Tenor Agnew makes impressive podium debut with Music of the Baroque’s holiday program

By Michael Cameron, Chicago Classical Review
December 20, 2013


Musical offerings in the latter half of December are devoted to the reinforcement of convention and nostalgia, a time during which most can’t be bothered to make the effort to absorb something unfamiliar. This common wisdom would seem to narrow the choices of repertoire drastically, and any efforts by presenters to stray from these would seem to be fools’ errands.

And then there is Music of the Baroque. Their Holiday Brass and Choral Concerts enjoy a top spot on the seasonal calendar, and the four performances of the program tend to be sold out or nearly so year after year. With a significant majority of the music in these affairs unknown to most in the audience, their success is a testament to the care given both to the repertoire choices and the devotion with which they are presented. Thursday’s concert at Grace Lutheran Church in River Forest continued this traditional exploration of the untraditional.

Not surprisingly, the chorus was prepared with loving care and exquisite attention to detail by William Jon Gray. The big news was the American conducting debut of Paul Agnew, the superb tenor known to the MOB faithful in the roles of the Evangelist in the Bach Passions and Christmas Oratorio. Agnew’s more recent ascent as conductor has been enviably swift, beginning with his debut with Les Arts Florissants in 2007 and culminating with his recent appointment as joint music director of the same ensemble with the legendary William Christie.

Agnew largely succeeded in assembling a program culled from nearly every musical era, and yet he still cultivated a sense of dramatic cohesion by adopting a theme of “Mother and Child.” Perhaps surprisingly given his vast experience in early music, many of the highlights came in works of the last century, beginning with an extraordinary reading of Jan Sandström’s Det är en ros utsprungen, a reworking of Praetorius’ setting of the same tune (known more commonly as Lo, How a Rose E’er Blooming). With a slight nod to fellow Finn Sibelius and a close kinship with the “holy minimalists” Henryk Górecki and Arvo Pärt, the reading began with a slow accretion of gossamer, ethereal humming that, due to expert singing and a fortuitous acoustical quirk of the church, seemed to emanate from every crevice in all four walls.

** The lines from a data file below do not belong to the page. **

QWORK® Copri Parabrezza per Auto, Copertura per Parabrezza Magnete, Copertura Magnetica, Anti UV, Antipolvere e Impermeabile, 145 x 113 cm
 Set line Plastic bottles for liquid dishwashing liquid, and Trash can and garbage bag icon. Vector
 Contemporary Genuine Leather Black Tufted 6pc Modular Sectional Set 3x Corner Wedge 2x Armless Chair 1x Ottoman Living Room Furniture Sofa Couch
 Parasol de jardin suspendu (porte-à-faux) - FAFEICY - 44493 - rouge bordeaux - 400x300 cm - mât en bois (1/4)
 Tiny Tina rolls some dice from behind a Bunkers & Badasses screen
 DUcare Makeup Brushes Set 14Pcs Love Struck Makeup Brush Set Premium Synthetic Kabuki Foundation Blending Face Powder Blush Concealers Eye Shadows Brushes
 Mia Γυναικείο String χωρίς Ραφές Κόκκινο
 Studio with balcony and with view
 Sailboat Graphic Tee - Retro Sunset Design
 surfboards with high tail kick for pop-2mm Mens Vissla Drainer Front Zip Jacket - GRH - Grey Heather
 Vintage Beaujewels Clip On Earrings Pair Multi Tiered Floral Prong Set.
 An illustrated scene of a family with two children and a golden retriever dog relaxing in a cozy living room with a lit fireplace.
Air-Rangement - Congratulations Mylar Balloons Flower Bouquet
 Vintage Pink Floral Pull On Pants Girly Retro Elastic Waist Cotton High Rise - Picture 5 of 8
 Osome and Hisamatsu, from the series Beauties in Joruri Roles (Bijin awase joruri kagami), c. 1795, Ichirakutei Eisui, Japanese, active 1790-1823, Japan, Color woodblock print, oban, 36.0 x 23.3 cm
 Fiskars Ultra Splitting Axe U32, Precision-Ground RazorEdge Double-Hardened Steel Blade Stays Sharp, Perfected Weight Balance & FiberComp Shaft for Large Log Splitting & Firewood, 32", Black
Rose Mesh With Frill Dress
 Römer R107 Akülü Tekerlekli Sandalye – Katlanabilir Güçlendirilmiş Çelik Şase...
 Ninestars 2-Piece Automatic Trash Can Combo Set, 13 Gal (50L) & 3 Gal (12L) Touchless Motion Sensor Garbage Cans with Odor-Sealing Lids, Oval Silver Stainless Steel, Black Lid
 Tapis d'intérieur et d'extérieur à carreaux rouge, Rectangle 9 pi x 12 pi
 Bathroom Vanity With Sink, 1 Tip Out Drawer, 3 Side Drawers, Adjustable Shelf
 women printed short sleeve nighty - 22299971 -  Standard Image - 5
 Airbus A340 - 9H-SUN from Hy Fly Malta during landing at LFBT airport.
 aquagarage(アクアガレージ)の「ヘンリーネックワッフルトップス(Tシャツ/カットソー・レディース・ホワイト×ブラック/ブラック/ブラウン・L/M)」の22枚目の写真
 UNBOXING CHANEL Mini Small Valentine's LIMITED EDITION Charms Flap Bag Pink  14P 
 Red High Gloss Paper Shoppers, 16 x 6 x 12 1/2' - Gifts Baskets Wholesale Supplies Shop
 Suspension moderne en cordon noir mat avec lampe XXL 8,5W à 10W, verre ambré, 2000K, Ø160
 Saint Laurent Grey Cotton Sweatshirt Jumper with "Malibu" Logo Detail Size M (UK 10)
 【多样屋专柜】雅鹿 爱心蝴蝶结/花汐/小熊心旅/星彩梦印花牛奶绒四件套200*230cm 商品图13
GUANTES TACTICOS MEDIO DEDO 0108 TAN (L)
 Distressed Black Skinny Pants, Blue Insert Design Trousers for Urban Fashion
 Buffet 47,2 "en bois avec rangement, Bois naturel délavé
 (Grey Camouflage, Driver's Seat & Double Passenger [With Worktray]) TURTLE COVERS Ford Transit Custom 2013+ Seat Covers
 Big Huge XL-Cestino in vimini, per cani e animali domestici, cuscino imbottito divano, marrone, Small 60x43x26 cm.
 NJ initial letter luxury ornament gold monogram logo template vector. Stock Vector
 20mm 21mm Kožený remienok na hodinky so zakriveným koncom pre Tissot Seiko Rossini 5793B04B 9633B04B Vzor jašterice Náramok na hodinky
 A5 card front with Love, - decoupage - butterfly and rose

This same school was also represented by John Tavener’s The Lamb, an oddly compelling work that has reached near-standard status since its debut in 1982. The tempo and textual themes are consistent, but the composer allows the horizontal lines to proceed with stubborn independence, leading to harmonies that move from lush Romantic gestures to dour unisons and astringent dissonances.

Another high point was a sweeping and heartfelt reading of Britten’s early A Hymn to the Virgin, the most familiar work of the evening and an apt choice in the final weeks of the composer’s anniversary year. Two of Francis Poulenc’s four Christmas motets received equally vigorous and compelling performances, including stellar high-flying passages from the fine tenor section.

The composer highlighted most often was Giovanni Gabrieli, notably in gripping, celebratory readings of Angelus ad pastores ait and Magnificat á 14. Agnew coaxed full-throated singing from his forces, the sopranos filling the space with waves of radiant lyrical outpourings.

The soloists in these MOB December concerts are culled from the ranks of the ensemble, and as usual, performed solidly, if a notch or two below the high standards of the massed voices. These included sopranos Hannah Dixon McConnell and Susan Nelson, mezzo-sopranos Amanda Koopman and Julie DeBoer, tenors Brendon Marsh and Adam Smith, countertenor Ray Chenez, and baritones Corey Grigg and Ryan O’Mealey.

The brass ensemble was assembled from the cream of the crop of area musicians, including trumpeters Barbara Butler, Charles Geyer, Scott Quackenbush and Jennifer Marotta, and trombonists Jay Evans, Timothy Smith, Randall Hawes, and Jared Rodin. Their resonant and cohesive playing blended beautifully with the vocalists, and they also contributed vital and engaging readings of instrumental works by Gabrieli and Lodovico da Viadana.

The program will be repeated 8 p.m. Friday at St. Michael’s Church in Chicago and 3 p.m. Saturday and Sunday at Divine Word Chapel in Northbrook. baroque.org.